En ce moment, les tensions entre les Etats-Unis et leurs principaux partenaires commerciaux continuent d'attiser la volatilité des marchés des actions. Mais il y a bien des chances qu'un désir commun d'éviter un ralentissement de la croissance finira par conduire les Etats-Unis et la Chine vers un compromis. Néanmoins, les investisseurs seront avisés d’évaluer en continu la nécessité de protections supplémentaires à la baisse.

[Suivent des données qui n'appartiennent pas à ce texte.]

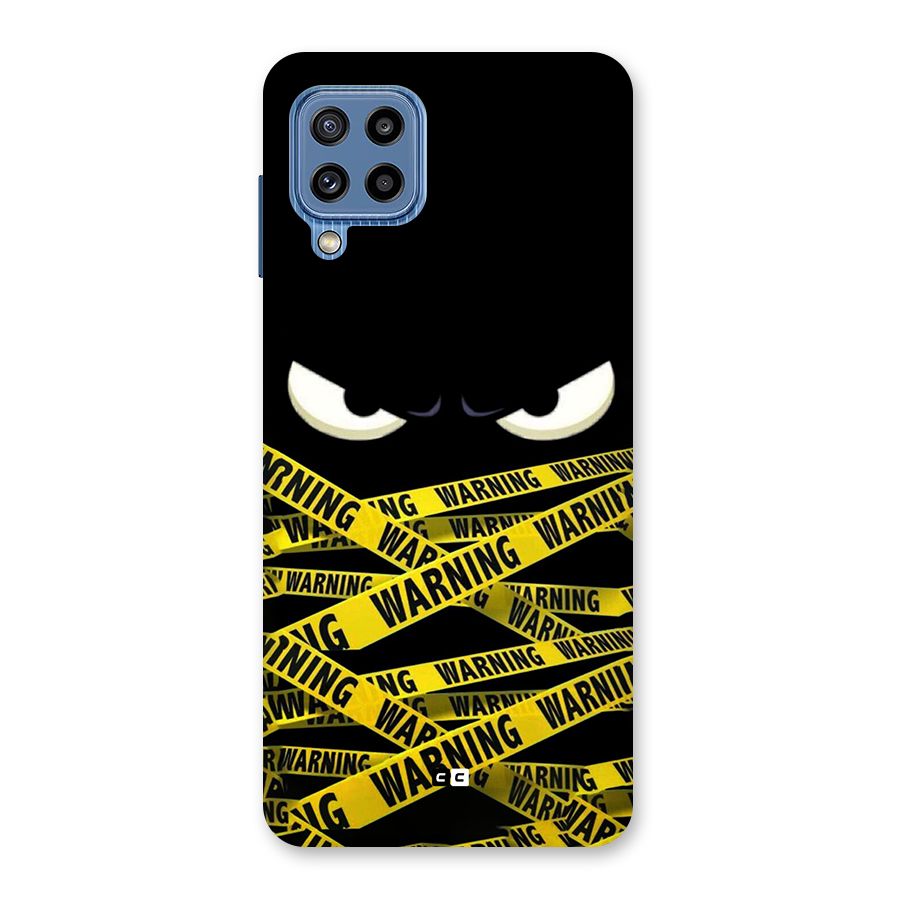 Warning Eyes Back Case for Galaxy M32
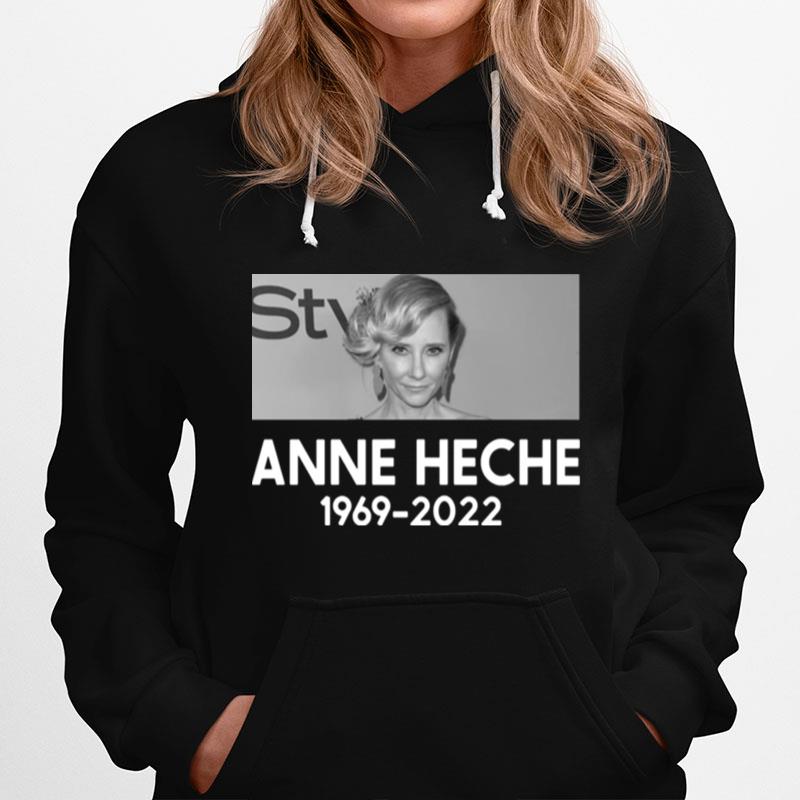 Anne Heche Rip 1969 2022 Hoodie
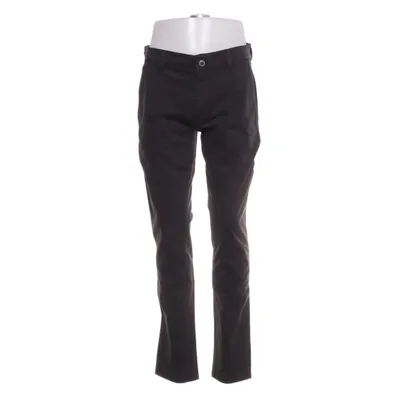 Chinos (Black) from Hugo Boss Cotton, Elastane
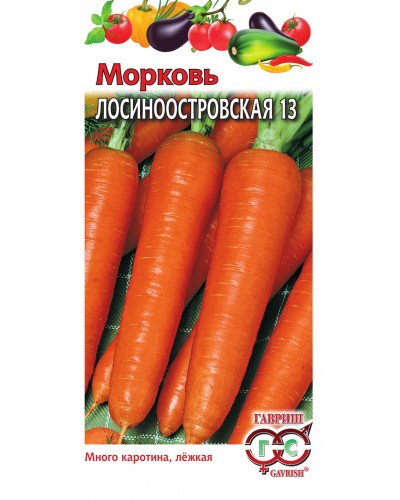 МОРКОВЬ ЛОСИНООСТРОВСКАЯ 2г/20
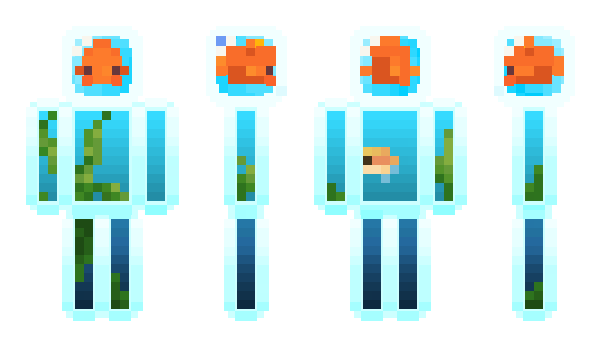 Minecraft skin sbsa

On peut estimer que l'évolution du marché dépendra de six facteurs:

  1. La poursuite ou l’échec des négociations commerciales
    Les tensions ouvertes entre la Chine et les Etats-Unis se sont accentuées la semaine passée, les deux parties voulant montrer qu'elles ne céderaient pas en premier.
     
  2. La rapidité à laquelle les Etats-Unis appliqueront la menace du président Trump de taxer 300 milliards de dollars supplémentaires d'importations chinoises
    Des préparatifs sont en cours pour imposer de nouveaux droits de douane sur les 300 milliards de dollars d'importations chinoises non encore taxées. C’est un processus qui prendra environ deux mois. Si aucun accord n'est conclu d'ici le sommet du G20 fin juin, de nouvelles taxes douanières pourraient être promptement imposées par la suite.
    Le différend va bien au-delà des droits de douane sur les importations chinoises. Le président Donald Trump a également signé un décret déclarant une urgence nationale sur le front des technologies de communication. Ce texte pose ainsi les bases d'une interdiction totale de l'équipementier chinois Huawei.
    Par ailleurs, le Département du commerce a ajouté Huawei et 70 sociétés affiliées à sa «liste d'entités», ce qui pourrait les empêcher d'acquérir des composants fabriqués aux États-Unis. Une interdiction des achats de processeurs américains par Huawei représenterait une sérieuse escalade dans les efforts des Etats-Unis visant à faire pression sur la Chine pour la conclusion d'un accord commercial.
     
  3. La réaction de la Chine, au-delà des taxes annoncées le 13 mai
    La Chine a augmenté les droits de douane sur 60 milliards de dollars d'importations américaines, jusqu'à parfois 25%. Pour l'instant, rien ne laisse présager des mesures de rétorsion supplémentaires. La Chine n'a pas encore indiqué si elle rétablirait les taxes additionnelles sur les importations automobiles américaines, ni si elle cesserait d'acheter des produits agricoles américains. C'est un signe positif, qui suggère que la Chine est disposée à parvenir à un accord.
     
  4. L'augmentation (ou non) des droits de douane américains sur les automobiles
    Le président Trump a retardé «de six mois au maximum» la décision de taxer les voitures et pièces importées, afin de donner à l'Union européenne (UE) et au Japon le temps de convenir d'un accord qui «limiterait ou restreindrait» leurs exportations vers les Etats-Unis. Ce répit soulage les marchés, mais le risque demeure.
     
  5. Les réactions en matière de politique monétaire et budgétaire
    Ces deux dernières semaines, la Banque populaire de Chine a injecté des liquidités supplémentaires via sa «facilité de crédit» à moyen terme sur un an et a abaissé le ratio de réserves obligatoires (RRR) pour certains prêteurs de petite et moyenne taille. On peut prévoir des réductions supplémentaires de 100 à 200 points de base (pb) du RRR.
    Cela n'est pas passé inaperçu à Washington: le président Trump a tweeté que si la Fed américaine se prêtait au jeu de la relance chinois, «ce serait Game Over, victoire aux US!». Néanmoins, on peut prévoir que la Réserve fédérale résistera aux pressions politiques. Le compte-rendu de sa prochaine réunion permettra d'estimer l'incidence potentielle des incertitudes commerciales et des données conjoncturelles sur ses taux directeurs.
     
  6. Les retombées sur la croissance économique mondiale
    L'activité industrielle, aux Etats-Unis comme en Chine, a fléchi en avril. Ces jours, les statistiques du PMI (de part et d'autre de l'Atlantique) devraient révéler l'impact des tensions commerciales sur le climat des affaires. Le président de la Fed de New York, John Williams, vient d'affirmer qu'il se fonderait sur les dernières statistiques pour mesurer les répercussions des tensions commerciales.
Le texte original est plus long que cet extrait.